Assignment
Across the material below, how many lines contain the word "everyone"? Give only the number.

# # #

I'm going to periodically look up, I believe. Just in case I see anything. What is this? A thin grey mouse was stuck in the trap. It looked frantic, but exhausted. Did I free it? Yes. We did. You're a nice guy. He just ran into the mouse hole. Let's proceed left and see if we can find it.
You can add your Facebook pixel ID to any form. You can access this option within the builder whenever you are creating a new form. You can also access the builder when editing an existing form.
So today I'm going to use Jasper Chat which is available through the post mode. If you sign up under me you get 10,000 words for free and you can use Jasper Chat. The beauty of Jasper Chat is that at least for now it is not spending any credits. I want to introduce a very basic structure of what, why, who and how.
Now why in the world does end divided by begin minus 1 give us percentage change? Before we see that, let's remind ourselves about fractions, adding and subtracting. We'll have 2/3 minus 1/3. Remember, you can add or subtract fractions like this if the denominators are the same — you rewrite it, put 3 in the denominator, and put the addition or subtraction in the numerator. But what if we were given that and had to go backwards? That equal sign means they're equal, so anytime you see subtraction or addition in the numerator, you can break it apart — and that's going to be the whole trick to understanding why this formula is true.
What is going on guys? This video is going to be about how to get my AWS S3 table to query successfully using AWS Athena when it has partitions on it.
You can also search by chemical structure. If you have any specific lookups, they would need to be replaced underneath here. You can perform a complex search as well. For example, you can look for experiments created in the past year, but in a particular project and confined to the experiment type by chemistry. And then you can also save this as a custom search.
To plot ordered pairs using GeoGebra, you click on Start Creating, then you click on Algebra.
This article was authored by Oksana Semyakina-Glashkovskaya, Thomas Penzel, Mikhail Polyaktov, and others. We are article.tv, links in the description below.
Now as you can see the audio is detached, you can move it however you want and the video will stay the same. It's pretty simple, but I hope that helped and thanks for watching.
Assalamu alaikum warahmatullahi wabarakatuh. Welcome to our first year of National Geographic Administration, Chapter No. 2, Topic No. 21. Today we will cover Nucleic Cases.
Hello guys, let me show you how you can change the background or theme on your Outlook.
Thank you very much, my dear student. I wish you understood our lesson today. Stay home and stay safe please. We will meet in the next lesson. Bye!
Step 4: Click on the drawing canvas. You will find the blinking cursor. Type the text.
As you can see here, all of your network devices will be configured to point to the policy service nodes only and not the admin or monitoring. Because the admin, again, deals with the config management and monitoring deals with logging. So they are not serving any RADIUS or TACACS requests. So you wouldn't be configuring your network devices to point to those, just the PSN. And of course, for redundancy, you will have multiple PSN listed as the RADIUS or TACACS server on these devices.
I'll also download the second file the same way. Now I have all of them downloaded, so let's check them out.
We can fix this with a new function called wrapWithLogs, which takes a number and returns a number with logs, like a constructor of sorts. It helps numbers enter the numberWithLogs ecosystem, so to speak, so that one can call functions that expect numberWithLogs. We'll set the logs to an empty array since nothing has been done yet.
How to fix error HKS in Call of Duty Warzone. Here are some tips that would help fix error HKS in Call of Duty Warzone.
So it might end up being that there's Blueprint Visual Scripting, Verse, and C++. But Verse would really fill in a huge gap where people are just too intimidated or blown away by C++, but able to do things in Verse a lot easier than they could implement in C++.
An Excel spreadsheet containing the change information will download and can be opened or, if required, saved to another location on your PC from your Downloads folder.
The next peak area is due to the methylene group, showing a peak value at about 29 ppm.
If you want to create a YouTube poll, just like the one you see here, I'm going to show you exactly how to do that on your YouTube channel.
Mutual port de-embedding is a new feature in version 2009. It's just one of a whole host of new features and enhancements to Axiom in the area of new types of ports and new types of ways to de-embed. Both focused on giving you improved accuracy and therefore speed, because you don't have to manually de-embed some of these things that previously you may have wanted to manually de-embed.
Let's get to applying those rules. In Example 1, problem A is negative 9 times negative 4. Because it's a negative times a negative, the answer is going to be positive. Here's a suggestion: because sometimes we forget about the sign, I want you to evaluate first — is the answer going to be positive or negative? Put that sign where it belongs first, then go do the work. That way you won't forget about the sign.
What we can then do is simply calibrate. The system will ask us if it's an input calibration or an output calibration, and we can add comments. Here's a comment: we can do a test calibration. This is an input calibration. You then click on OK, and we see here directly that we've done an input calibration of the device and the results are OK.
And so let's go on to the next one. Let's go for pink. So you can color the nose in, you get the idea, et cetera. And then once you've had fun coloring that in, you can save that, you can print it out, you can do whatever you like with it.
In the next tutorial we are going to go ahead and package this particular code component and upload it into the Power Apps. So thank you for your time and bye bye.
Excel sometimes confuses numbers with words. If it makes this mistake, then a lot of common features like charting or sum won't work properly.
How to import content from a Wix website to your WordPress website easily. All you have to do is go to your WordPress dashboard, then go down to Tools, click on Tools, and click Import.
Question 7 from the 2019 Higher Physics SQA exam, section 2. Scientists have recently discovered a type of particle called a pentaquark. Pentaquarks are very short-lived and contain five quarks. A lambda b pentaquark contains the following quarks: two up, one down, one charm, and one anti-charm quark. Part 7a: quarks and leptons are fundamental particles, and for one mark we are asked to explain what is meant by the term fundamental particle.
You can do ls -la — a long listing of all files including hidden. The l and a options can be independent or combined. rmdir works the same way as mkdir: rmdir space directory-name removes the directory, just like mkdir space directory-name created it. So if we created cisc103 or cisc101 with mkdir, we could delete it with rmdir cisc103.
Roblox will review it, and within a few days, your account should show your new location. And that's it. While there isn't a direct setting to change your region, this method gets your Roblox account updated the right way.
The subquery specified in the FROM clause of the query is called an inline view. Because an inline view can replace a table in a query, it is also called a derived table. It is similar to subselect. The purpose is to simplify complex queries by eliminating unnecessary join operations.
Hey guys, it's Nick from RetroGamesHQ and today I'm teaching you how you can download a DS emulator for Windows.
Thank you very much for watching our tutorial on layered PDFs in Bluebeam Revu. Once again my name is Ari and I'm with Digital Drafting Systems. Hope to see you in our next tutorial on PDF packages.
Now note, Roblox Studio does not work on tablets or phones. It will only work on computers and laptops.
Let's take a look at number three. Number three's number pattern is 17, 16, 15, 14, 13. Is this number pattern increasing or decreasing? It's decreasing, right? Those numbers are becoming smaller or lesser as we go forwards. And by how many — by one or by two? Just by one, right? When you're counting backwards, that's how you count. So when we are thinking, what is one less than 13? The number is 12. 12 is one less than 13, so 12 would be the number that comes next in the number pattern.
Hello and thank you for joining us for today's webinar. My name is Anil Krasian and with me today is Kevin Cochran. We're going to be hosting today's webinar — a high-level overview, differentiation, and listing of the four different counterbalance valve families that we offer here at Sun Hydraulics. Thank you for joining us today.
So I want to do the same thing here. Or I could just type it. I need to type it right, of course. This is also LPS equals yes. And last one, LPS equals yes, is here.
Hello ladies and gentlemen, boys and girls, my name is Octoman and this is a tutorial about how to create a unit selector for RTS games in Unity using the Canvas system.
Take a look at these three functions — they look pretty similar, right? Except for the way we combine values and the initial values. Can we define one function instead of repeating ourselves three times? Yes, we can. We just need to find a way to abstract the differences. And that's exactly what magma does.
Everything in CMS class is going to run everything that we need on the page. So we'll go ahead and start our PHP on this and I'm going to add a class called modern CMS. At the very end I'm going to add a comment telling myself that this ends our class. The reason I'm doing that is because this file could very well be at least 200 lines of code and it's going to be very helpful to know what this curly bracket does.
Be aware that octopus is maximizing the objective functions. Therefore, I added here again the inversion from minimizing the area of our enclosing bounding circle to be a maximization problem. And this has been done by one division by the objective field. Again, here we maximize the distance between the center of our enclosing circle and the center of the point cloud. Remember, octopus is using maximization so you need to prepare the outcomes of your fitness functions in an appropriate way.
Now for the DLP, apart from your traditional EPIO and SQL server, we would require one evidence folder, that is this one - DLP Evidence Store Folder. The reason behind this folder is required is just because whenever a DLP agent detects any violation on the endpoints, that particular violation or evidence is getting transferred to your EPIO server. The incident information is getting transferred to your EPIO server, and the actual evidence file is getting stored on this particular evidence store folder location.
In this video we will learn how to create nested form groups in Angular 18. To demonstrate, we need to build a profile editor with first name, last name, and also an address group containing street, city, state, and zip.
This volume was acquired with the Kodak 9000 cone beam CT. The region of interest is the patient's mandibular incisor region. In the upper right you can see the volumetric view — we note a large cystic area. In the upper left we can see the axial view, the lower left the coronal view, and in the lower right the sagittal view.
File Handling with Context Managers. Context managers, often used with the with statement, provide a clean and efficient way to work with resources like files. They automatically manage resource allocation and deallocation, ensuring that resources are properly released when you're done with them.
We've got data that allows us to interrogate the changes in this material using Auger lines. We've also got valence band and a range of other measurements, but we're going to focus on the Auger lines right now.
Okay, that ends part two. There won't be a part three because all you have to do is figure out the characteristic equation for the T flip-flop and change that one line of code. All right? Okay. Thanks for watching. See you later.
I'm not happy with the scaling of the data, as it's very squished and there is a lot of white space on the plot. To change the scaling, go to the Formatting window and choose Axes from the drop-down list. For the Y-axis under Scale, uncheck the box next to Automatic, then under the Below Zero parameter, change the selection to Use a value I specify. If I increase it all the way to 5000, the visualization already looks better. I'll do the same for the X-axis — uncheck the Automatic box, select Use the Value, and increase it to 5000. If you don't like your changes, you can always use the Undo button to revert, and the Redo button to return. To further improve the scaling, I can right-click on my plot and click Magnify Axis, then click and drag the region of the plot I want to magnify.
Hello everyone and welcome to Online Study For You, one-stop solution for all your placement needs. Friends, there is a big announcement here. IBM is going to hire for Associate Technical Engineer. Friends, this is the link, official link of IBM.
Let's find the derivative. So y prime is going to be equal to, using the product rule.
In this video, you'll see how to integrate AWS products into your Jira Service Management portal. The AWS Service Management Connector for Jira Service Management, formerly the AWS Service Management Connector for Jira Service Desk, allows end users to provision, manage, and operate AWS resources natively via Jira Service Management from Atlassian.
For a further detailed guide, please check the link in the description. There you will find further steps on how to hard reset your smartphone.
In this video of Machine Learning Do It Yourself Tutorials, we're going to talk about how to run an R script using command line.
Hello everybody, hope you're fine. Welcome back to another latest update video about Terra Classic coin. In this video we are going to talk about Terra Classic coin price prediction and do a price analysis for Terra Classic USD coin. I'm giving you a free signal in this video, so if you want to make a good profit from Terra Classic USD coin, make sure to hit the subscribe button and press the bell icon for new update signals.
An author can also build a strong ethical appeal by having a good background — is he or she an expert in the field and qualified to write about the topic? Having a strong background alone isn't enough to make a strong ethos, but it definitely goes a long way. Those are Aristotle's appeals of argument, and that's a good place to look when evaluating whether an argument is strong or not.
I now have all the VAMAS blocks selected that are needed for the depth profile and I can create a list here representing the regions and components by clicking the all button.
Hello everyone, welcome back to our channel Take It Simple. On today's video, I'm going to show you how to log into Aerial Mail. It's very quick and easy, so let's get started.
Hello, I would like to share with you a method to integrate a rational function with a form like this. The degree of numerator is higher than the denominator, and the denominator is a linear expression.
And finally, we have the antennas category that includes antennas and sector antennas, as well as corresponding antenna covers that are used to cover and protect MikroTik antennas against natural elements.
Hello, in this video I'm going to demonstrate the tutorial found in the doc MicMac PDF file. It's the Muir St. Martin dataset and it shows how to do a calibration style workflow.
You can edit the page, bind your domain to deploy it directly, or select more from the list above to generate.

# # #

Final answer
2